Similarly, because of the increased focus on individuality instead of collectivity, most of the groups and communities that urbanites participate in are synthetic groups rather than natural groups. Synthetic groups are ones that are formed by individuals on the basis of similar interests, hobbies, pursuits, values or outlooks. While there is nothing intrinsically wrong with synthetic groups, there is a danger of being involved in too many synthetic groups and too few natural groups. Natural groups are ones that are more transcendent, binding individuals together based primarily on blood relationships and geographical location. Natural groups typically consist of people with a broad variety of characteristics, with a higher degree of natural divergence than synthetic groups, which tend to be more homogenized.

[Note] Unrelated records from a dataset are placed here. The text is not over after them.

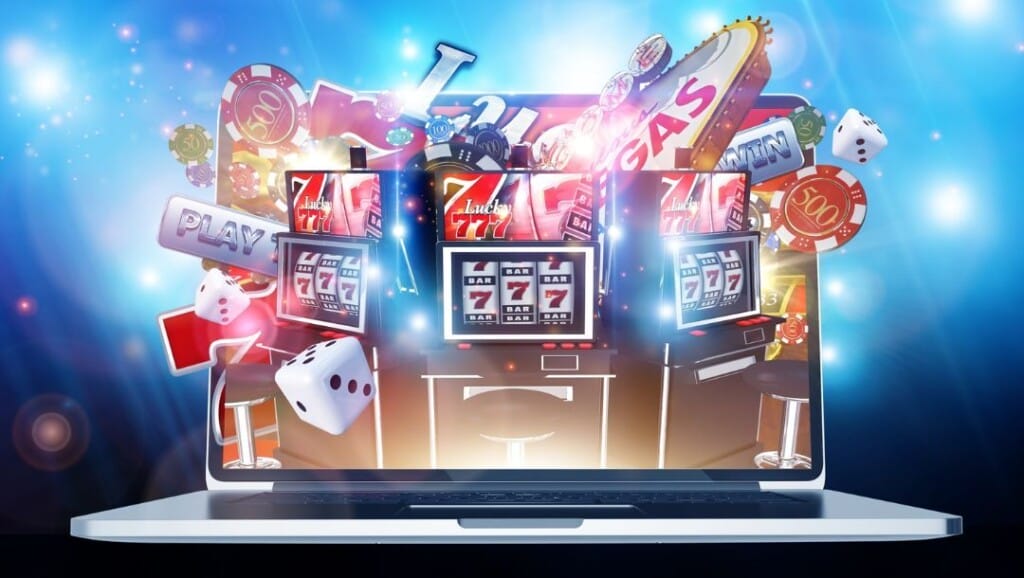 Animated casino elements like slot machines, dice, chips, and a Vegas sign bursting out of a laptop screen.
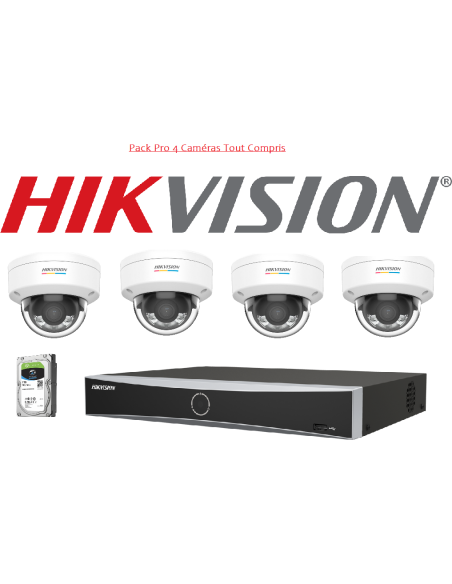 Pack Vidéo Surveillance Hikvision 4 Caméras | Pour une Protection Inégalée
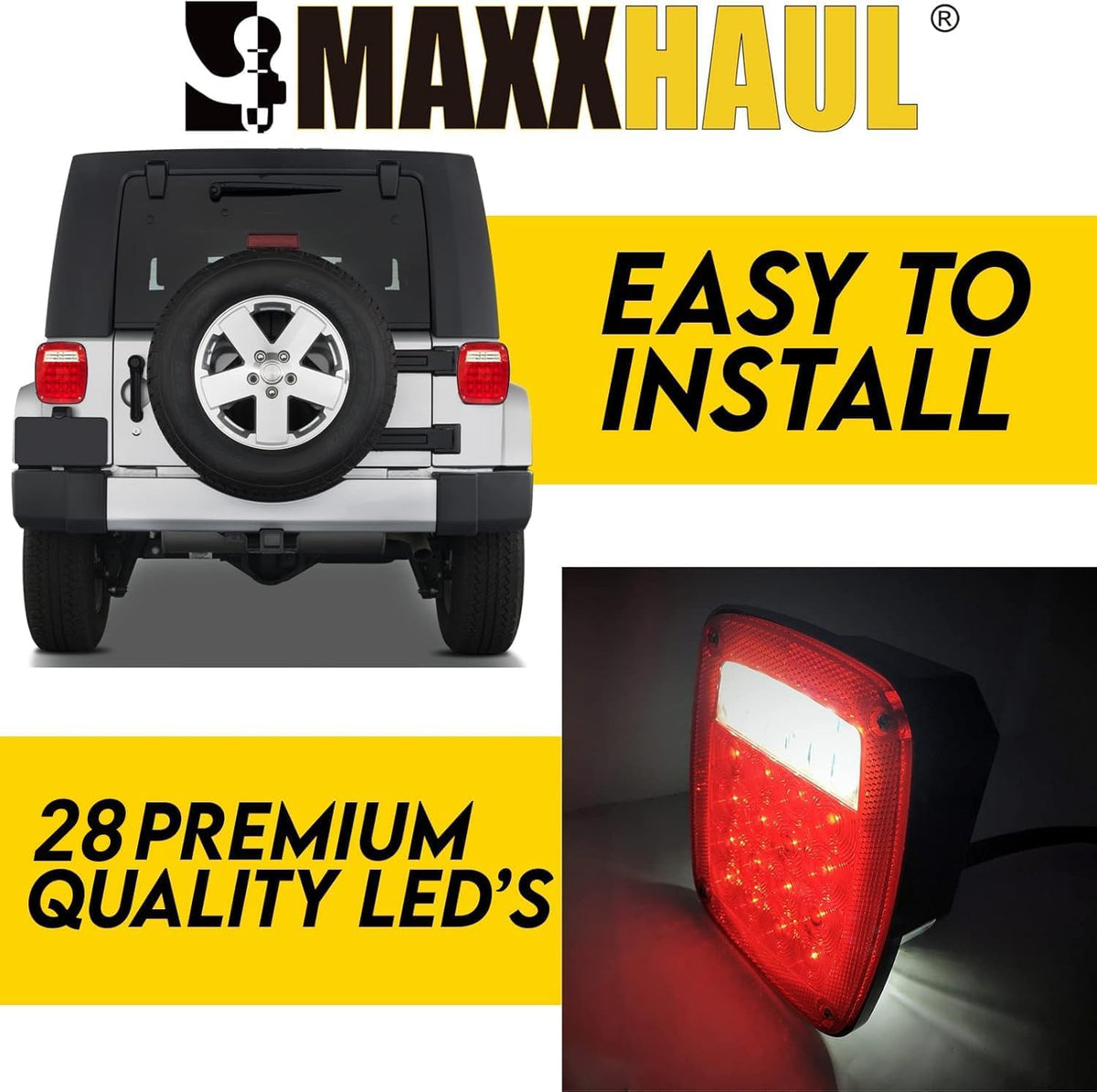 MAXXHAUL tail light installed on trailer illustrating bright, legal signaling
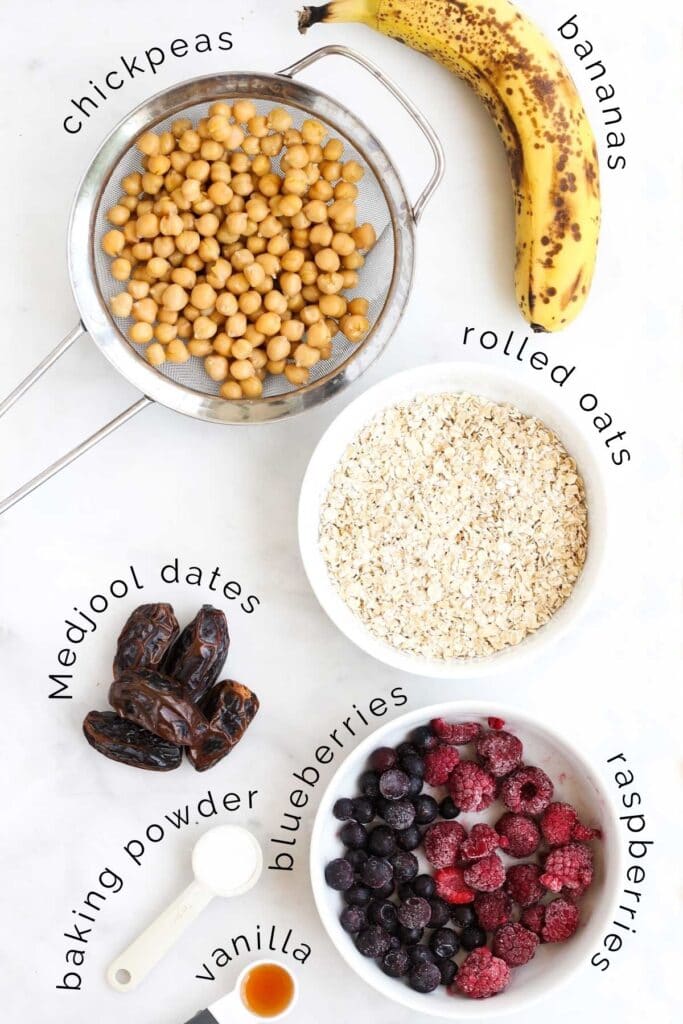 Flat Lay of Ingredients Needed to Make Chickpea Cookies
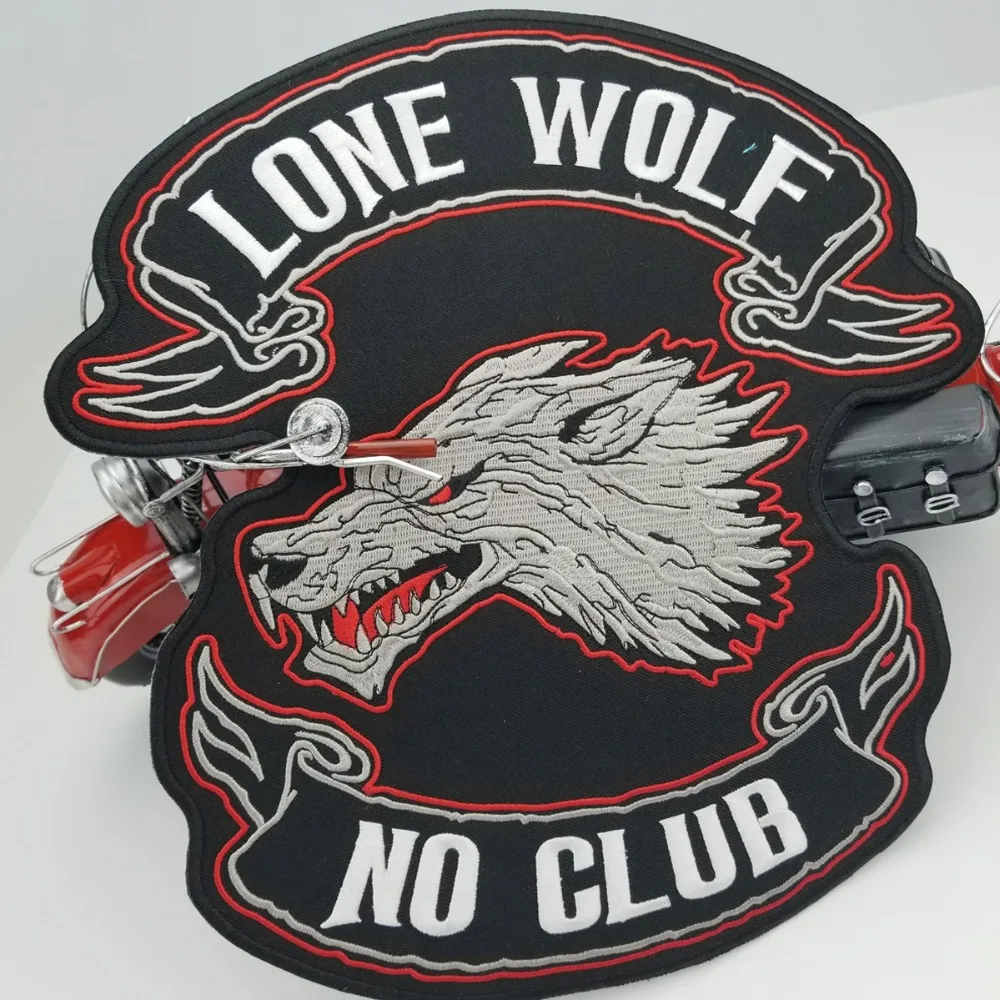 Lone Wolf No Club Back Biker MC Patches Motorcycle Club Jacket Patch Back Custom Large Size Jacket Vest Punk Rock Badge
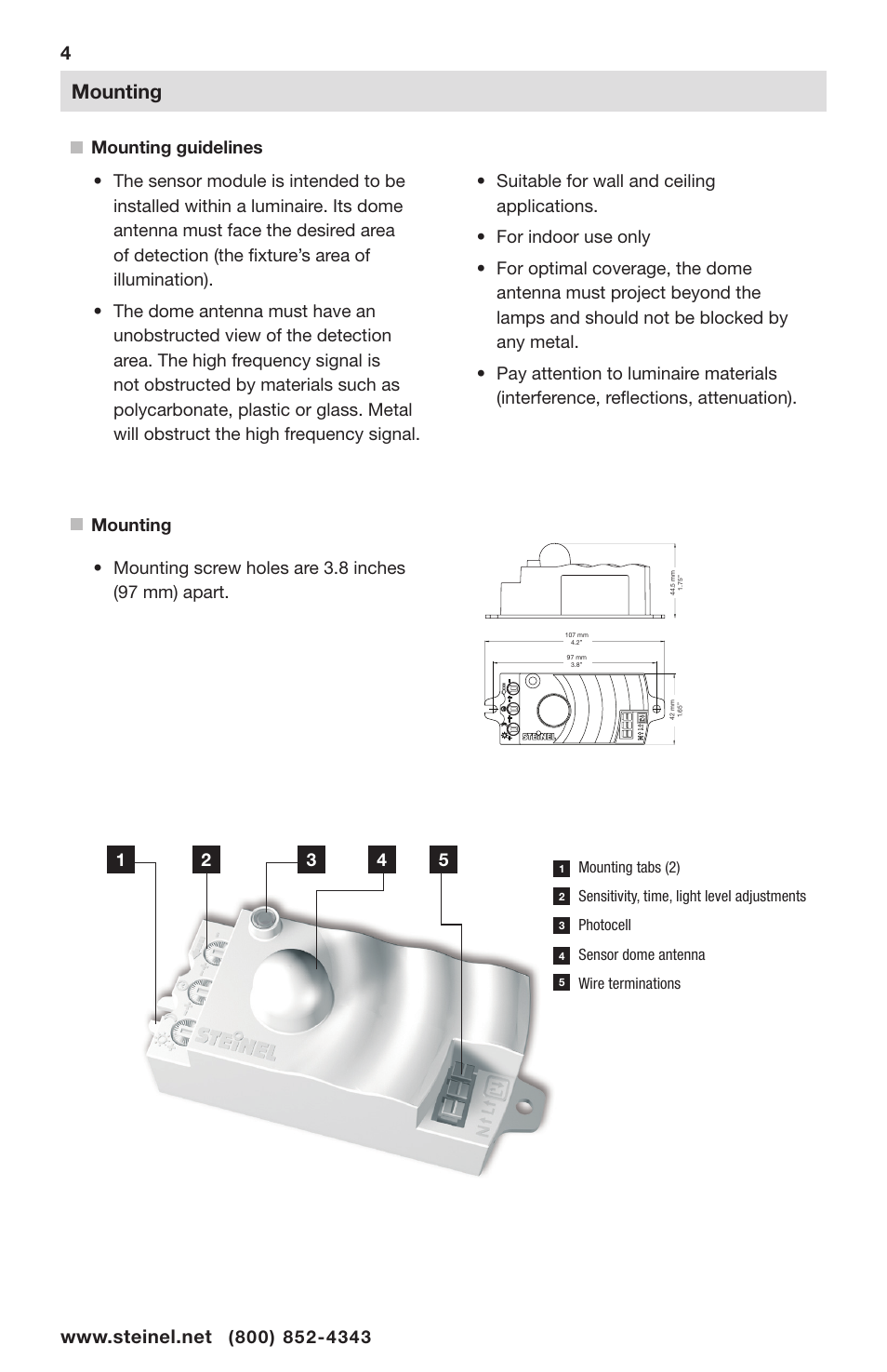 Mounting | STEINEL HFLUM2-WR User Manual | Page 4 / 9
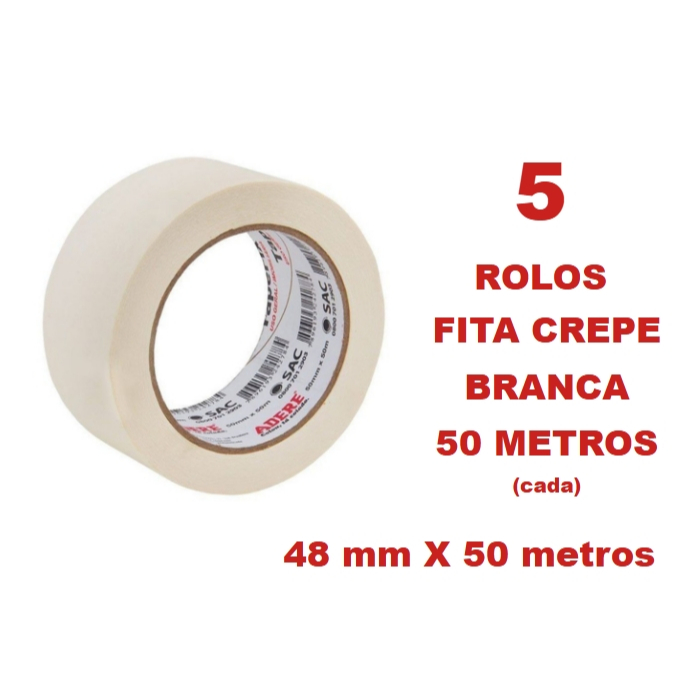 5 Fita crepe branca 50 METROS alta qualidade
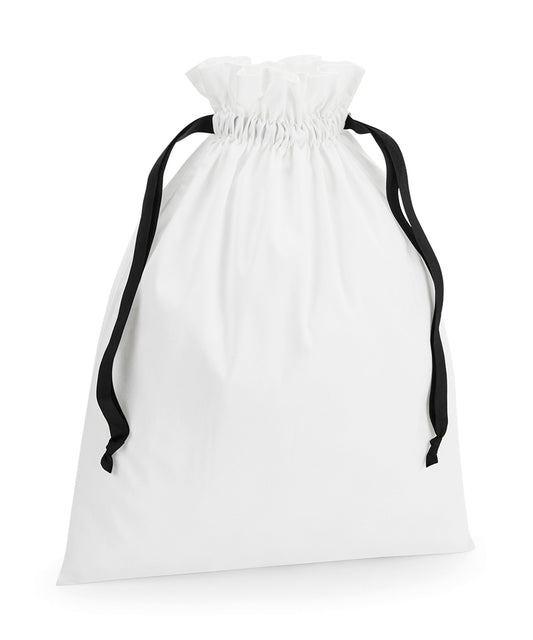 Westford Mill WM121 Cotton gift bag with ribbon drawstring in Soft White/Black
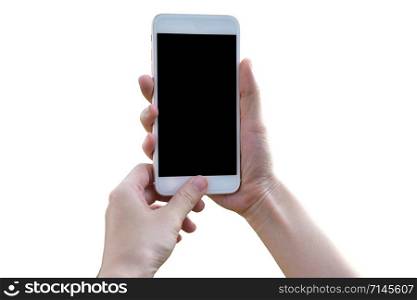 Close up Hand Holding Mobile smart phone Cellphone telephone mobile technology on white background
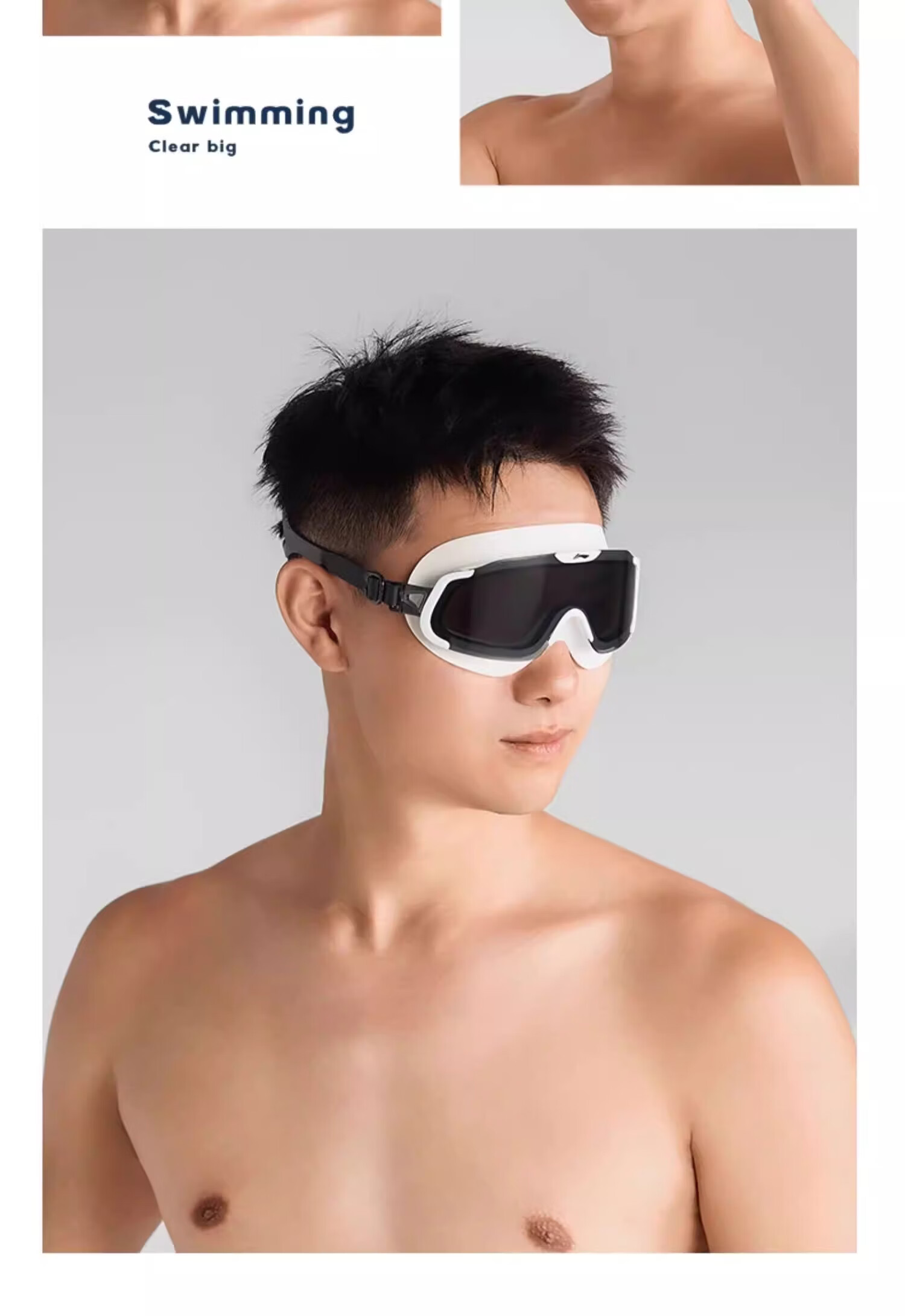 LI-NING Men's HD Anti-Fog Waterproof Prescription Large Frame Swimming Goggles Professional Swim Cap Women's Diving Adult 10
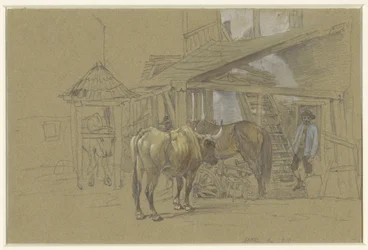Bœufs et un cheval chez le maréchal-ferrant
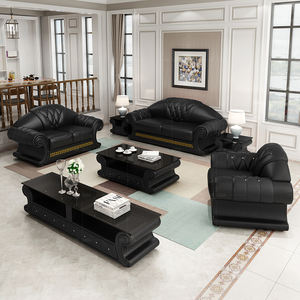 أريكة جلدية لغرفة المعيشة بسعر المصنع، طقم أرائك جلدية سوداء وحمراء كاملة مع مشابك قابلة للسحب، قطعة 123 قابلة للتركيب - Product Image 6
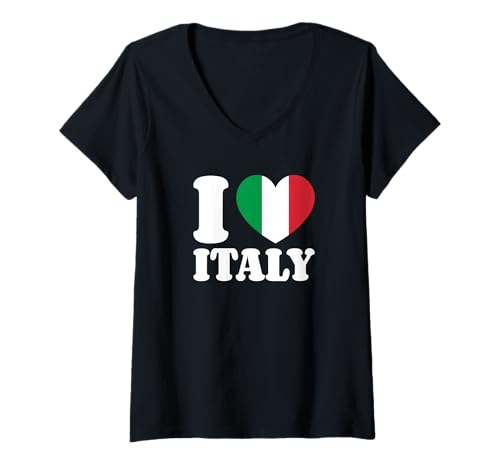 Damen Italien-Liebe Urlaub Italienische Flagge Herz I Love Italy T-Shirt mit V-Ausschnitt Damen Italien-Liebe Urlaub Italienische Flagge Herz I Love Italy T-Shirt mit V-Ausschnitt von Italien T-Shirts & Geschenke für Italien-Liebhaber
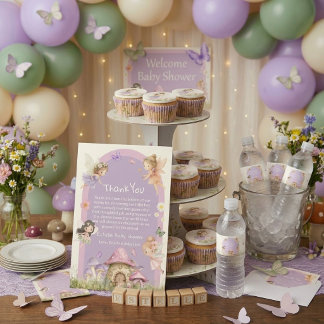 Petite Fée Florale Merci Fille Baby Shower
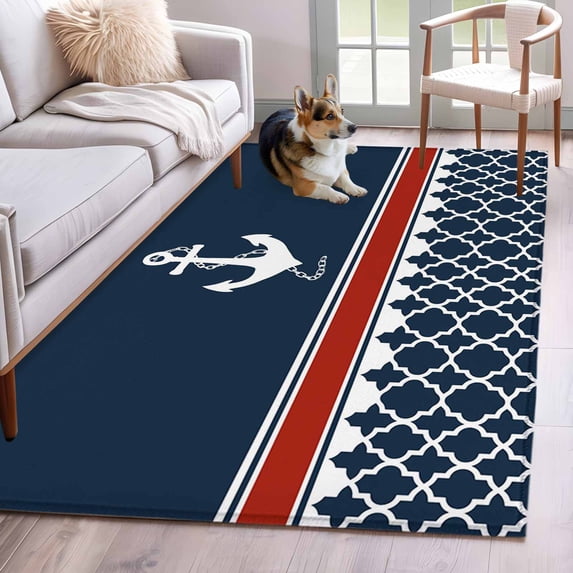 Navy Blue Coastal Area Rugs 3'x5', Washable Small Throw Rugs for Living Room Bedroom, Nautical Ocean Sea Anchor Abstract Art Indoor Outdoor Rug Non-Slip Low Pile Carpet Runner Reversible Floor Mats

The higher incidence of participance in synthetic groups and the rarity of high levels of participation in natural groups results in a socially smaller world, even for those people who are very socially connected in a high-density environment. G.K. Chesteron expresses such a sentiment in his book, Heretics. He writes:
It is not fashionable to say much nowadays of the advantages of the small community. We are told that we must go in for large empires and large ideas. There is one advantage, however, in the small state, the city, or the village, which only the wilfully blind can overlook. The man who lives in a small community lives in a much larger world. He knows much more of the fierce varieties and uncompromising divergences of men. The reason is obvious. In a large community we can choose our companions. In a small community our companions are chosen for us. Thus in all extensive and highly civilized societies groups come into existence founded upon what is called sympathy, and shut out the real world more sharply than the gates of a monastery. There is nothing really narrow about the clan; the thing which is really narrow is the clique. The men of the clan live together because they all wear the same tartan or are all descended from the same sacred cow; but in their souls, by the divine luck of things, there will always be more colours than in any tartan. But the men of the clique live together because they have the same kind of soul, and their narrowness is a narrowness of spiritual coherence and contentment, like that which exists in hell. A big society exists in order to form cliques. A big society is a society for the promotion of narrowness. It is a machinery for the purpose of guarding the solitary and sensitive individual from all experience of the bitter and bracing human compromises. It is, in the most literal sense of the words, a society for the prevention of Christian knowledge.
For these many reasons, it is thoroughly evident that not only is the Tower of Babel phenomenon an evil one because it invariably involves a disconnection from nature, it also is an evil one because it causes very real social and personal harm to those who live in close proximity to too many other people. It promotes a mindset that devalues people and views them as unimportant, uninteresting and thoroughly replaceable. It disconnects people from naturally-emergent community and leaves them on their own devices to connect socially. It reduces personal accountability through the relative anonymity of the urban environment. It fosters a general attitude of distrust, avoidance and apathy towards strangers rather than allowing the natural attitudes of curiosity, friendliness and genuineness to grow and flourish. And it encourages people to live in a relatively small world consisting primarily of homogenized synthetic groups, rather than offering the wisdom and breadth of natural groups and communities based on blood relation and geographic location. In short, urbanization isolates and disconnects people from one another.